British 'Nurse of the Year' quits the NHS

Britain's star nurse has quit her job with the National Health Service (NHS) only eight months after being named 'Nurse of the Year'.

The 37 year old mother of two will leave nursing to take up a teaching job.

Justine Whitaker says she has quit because of the pressure constant health reforms place on frontline nursing staff.

Whitaker has called on the Health Secretary Alan Johnson, to stop paying lip service to nurses and "hear what we are saying".

Ms Whitaker is a Macmillan specialist clinical nurse with 20 years experience in the treatment of lymphoedema, the swelling of the lymph glands, at East Lancashire Primary Care Trust.

She has also invented a pain relief device to help men after prostate surgery, the Whitaker compression pouch is a garment which helps relieve painful swelling suffered by some men with prostate cancer and is used worldwide.

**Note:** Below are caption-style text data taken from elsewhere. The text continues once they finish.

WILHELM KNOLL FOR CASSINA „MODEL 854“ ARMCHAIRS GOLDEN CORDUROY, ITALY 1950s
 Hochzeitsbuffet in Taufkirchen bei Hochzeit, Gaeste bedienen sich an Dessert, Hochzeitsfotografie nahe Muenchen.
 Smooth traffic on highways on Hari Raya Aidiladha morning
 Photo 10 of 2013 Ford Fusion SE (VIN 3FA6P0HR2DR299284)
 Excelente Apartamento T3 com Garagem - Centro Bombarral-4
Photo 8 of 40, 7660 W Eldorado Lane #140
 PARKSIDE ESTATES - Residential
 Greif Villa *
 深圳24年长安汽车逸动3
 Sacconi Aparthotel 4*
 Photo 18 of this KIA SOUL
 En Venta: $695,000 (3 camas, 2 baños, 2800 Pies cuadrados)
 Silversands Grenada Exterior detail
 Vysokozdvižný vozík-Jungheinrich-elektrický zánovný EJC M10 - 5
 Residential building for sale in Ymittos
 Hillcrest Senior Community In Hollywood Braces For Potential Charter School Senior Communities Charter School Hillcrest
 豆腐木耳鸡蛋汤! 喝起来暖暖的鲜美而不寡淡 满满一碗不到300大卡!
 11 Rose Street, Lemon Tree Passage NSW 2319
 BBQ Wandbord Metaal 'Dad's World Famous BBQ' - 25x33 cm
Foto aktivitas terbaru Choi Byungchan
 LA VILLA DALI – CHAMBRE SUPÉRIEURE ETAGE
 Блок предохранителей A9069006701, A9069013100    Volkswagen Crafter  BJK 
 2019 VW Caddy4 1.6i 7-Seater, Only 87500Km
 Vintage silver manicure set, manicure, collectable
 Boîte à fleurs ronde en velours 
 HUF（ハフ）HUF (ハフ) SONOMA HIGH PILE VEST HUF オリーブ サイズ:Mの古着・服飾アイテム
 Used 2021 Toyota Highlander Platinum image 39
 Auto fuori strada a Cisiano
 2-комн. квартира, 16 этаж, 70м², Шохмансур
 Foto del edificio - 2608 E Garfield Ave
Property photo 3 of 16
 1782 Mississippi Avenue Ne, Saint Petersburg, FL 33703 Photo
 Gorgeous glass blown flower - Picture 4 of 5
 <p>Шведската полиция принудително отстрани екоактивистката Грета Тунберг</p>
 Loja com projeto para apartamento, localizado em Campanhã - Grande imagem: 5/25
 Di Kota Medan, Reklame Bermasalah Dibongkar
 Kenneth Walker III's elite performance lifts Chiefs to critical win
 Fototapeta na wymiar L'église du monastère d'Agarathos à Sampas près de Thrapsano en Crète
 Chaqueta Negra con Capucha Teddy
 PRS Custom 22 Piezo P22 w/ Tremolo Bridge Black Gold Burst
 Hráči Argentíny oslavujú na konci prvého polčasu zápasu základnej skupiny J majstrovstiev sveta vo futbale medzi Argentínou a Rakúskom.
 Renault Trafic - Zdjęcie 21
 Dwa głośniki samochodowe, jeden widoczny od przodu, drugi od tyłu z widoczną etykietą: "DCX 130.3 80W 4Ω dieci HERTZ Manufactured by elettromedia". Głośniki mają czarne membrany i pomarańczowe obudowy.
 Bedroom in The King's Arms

She leaves her job at the end of November to become a senior lecturer in the treatment of the disease at the University of Central Lancashire but will continue to practise as an independent nurse working with lymphoedema patients.

She says she is sorry to be leaving nursing but the impact of the constant reforms to the health service is grossly misunderstood by the government.

Ms Whitaker says while the government says it has talked to thousands of nurses and doctors they do not hear what they are saying.

Ms Whitaker who is in favour of change says while nurses are being told they need to make savings by using fewer needles and bandages, money is being wasted on meetings of highly paid practitioners and managers where decisions are never made.

She says she leaves a group of very unhappy nurses who have been put through the mill with constant reform.

According to Ms Whitaker, nurses' problems include bureaucracy and form-filling; new deadlines to implement government targets; and uncertainty over the merger of two local general hospitals that had raised fears of redundancy.

The Health Secretary has been embarrassed by Ms Whitaker's disclosure in the Nursing Standard but she says she does not wish to be exploited by political parties.

The Royal College of Nursing, says it is saddened that such a distinguished nurse is leaving the NHS.